In [73]:

# coding: utf-8

# In[438]:

import re
import numpy as np
import os
import codecs

rootDir = '.'
TOTAL_TRAINING_DOCUMENT_COUNT = 0
DOCUMENT_COUNT_PER_AUTHOR = {}
VOCABULARY = set()
authorBags = {}
authorFeatures = {}

def tokenize(text, choice): #if choice is 1 return the bag of words, else return the unique words with their counts
    bag = re.split('\W+', text)
    counts = {}
    for x in set(bag):
        counts.update({x:bag.count(x)})
    if choice:
        return bag
    else:
        return counts

    
for dirName, subdirList, fileList in os.walk(rootDir+'/trainingSet'):
    if(dirName != './trainingSet'):
        currDir = dirName[14:]
        
        authorBags.update({currDir:{}})
        authorFeatures.update({currDir:{'wordCount':0, #wordCount: total word count for the author.
                                        'sentenceCount':0, #sentenceCount: sentence count per document for the author.
                                        'wordLength':0, #wordLength: average word length for the author.
                                        'commaCount':0, #commaCount: average number of commas per sentence for the author.
                                        'exclamationCount':0, #exclamationCount: average number of exclamation marks per sentence for the author.
                                        'questionCount':0 #questionCount: average number of question marks per sentence for the author.
                                       }}) 

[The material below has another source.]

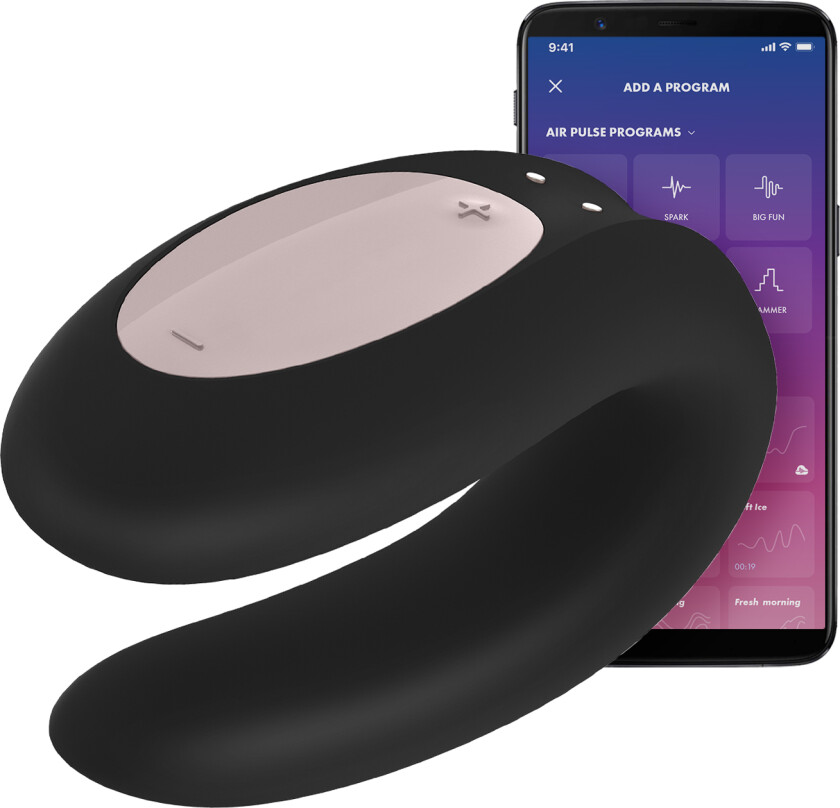 Double Joy App-styrt Parvibrator     - Svart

        #print(authorBags)
        fileCount = len(fileList)
        ##print(dirName)
        DOCUMENT_COUNT_PER_AUTHOR.update({currDir:0})
        
        for fname in fileList:
            TOTAL_TRAINING_DOCUMENT_COUNT += 1
            DOCUMENT_COUNT_PER_AUTHOR[currDir] += 1
            text = ''
            with codecs.open(dirName+'/'+fname, 'r', 'ISO-8859-9') as myfile:
                ##print(dirName+'/'+fname)
                text = myfile.read().lower()
                
                authorFeatures[currDir]['sentenceCount'] += text.count('.')
                authorFeatures[currDir]['commaCount'] += text.count(',')
                authorFeatures[currDir]['exclamationCount'] += text.count('!')
                authorFeatures[currDir]['questionCount'] += text.count('?')

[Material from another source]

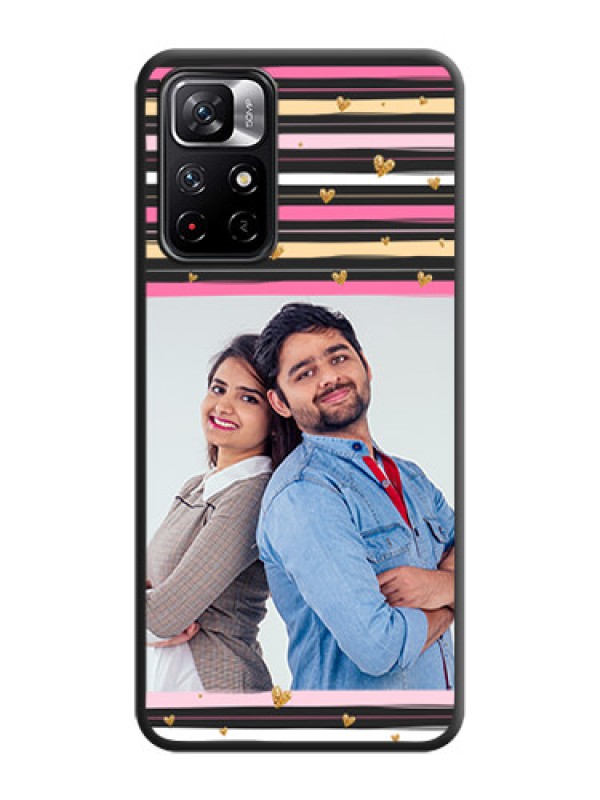 Custom Multicolor Lines and Golden Love Symbols Design on Photo on Space Black Soft Matte Mobile Cover - Redmi Note 11T 5G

                bagCounts = tokenize(text,0)
                for word in bagCounts:
                    authorFeatures[currDir]['wordCount'] += bagCounts[word]
                    authorFeatures[currDir]['wordLength'] += bagCounts[word]*len(word)
                    newWord = ''
                    if word.isdigit(): newWord = 'NUMBER'
                    else: newWord = word
                    
                    if newWord in authorBags[currDir]:
                        authorBags[currDir][newWord] += bagCounts[word]
                    else:
                        authorBags[currDir].update({newWord:bagCounts[word]})
        
        if '' in authorBags[currDir]: del authorBags[currDir]['']
            
        VOCABULARY.update(authorBags[currDir].keys())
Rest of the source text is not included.